Negli ultimi anni è salito intorno ai 70 milioni. Sempre poco rispetto al Tour de France, che con i suoi 150 milioni resta un gigante anche nel fatturato. Non a caso, tra le grandi manifestazioni, viene subito dopo le Olimpiadi e i mondiali
di calcio.
A proposito di soldi, la squadra più costosa è la Ineos, la nuova Sky. Pur senza Froome, che punterà al Tour, al Giro parte con corridori giovani e rampanti come il russo Pavel Sikov e l’inglese Geoghegan Har. Il suo budget è di 40 milioni, un record. Le altre squadre a scalare, ma la media si aggira sui 20 milioni.
Anche se “dimezzato”, è un Giro comunque ambizioso e senza quei complicati sconfinamenti all'estero che rendono più pesante la macchina organizzativa. Un Giro più semplice anche per i corridori. Che avranno comunque tanta strada da fare e, soprattutto, tante salite da affrontare. Le tappe sono 21 per un totale di 3578 km con tre cronometro di 59,8 km complessivi. Tanti anche i metri di dislivello (47mila) con cinque importanti arrivi in salita tutti collocati nell'ultima parte della corsa.

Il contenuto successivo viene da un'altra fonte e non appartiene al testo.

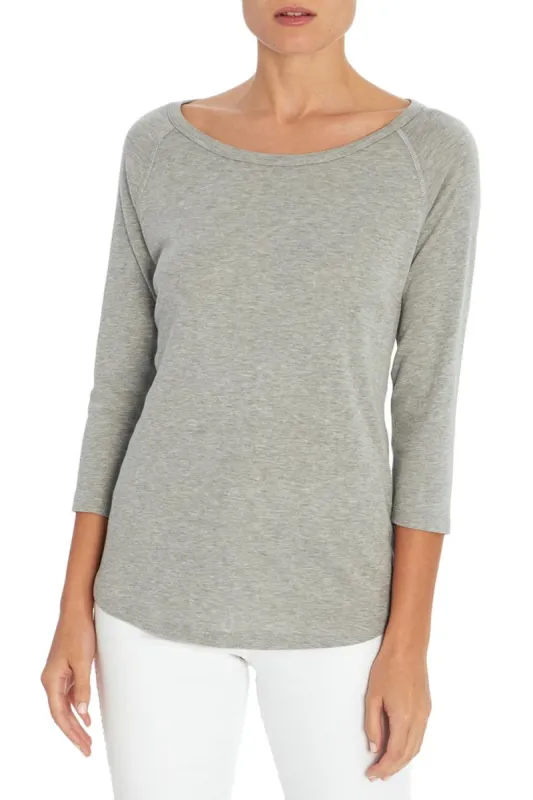 3/4 Sleeve Raglan sold by Lord & Taylor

In pratica, si comincia a far sul serio dalla 9° tappa, cioè dalla cronometro di San Marino (17 km), una frazione contro il tempo che vale più di un arrivo in salita. Qui si delineano già i favoriti alla maglia rosa, quei big che cominceranno a darsi battaglia dalla 13esima tappa del Gran Paradiso (Pinerolo- Ceresole Reale) fino al tappone di Croce D'Aune che precede la crono di Verona. Un Giro di non facile lettura. Mancando l’ultima maglia rosa (Chris Froome) la pole è di 4 corridori. Il primo è l'olandese Tom Dumoulin, 29 anni, secondo nel 2108 e primo nel 2017. A cronometro è fortissimo, in salita tiene come pochi.
Il secondo favorito è Simon Yates, 13 giorni in rosa l'anno scorso, prima di affondare al Colle delle Finestre per l’attacco di Froome. Il britannico ha 26 anni, è vulnerabile a cronometro, però è fortissimo in salita. Come è molto forte lo sloveno Promoz Roglic, 29 anni. Ha già vinto alla Tirreno Adriatico e al Giro di Normandia. È anche molto dotato a cronometro. Si candida alla prima maglia rosa. L'unico neo: è già troppo in forma per una corsa di 3 settimane.
Ultimo, ma non ultimo, anzi, il nostro Vincenzo Nibali. Lo Squalo ha 34 anni. Forse è la sua ultima occasione. Ha già vinto due volte (2013-2016) e altre tre è salito sul podio. I concorrenti sono più giovani, ma solo lui ha anche vinto un Tour (2014) e una Vuelta (2010). Di sicuro ci proverà. Arrivando a tre Giri, raggiungerebbe Giovanni Brunero, Gino Bartali, Fiorenzo Magni e Felice Gimondi. Una bella compagnia.
Dietro a Nibali, in chiave nazionale, si fa avanti Davide Formolo, 26 anni, secondo alla ultima Liegi-Bastogne-Liegi. Il veronese è il nuovo che avanza (almeno si spera). Una certezza è lo sprinter Elia Viviani. Campione italiano e olimpionico in pista, il veneto torna al Giro dopo i 4 successi e la maglia ciclamino del 2018. Promette battaglia. Il suo rivale è il colombiano Fernando Gaviria, un altro che vola quando vede il traguardo.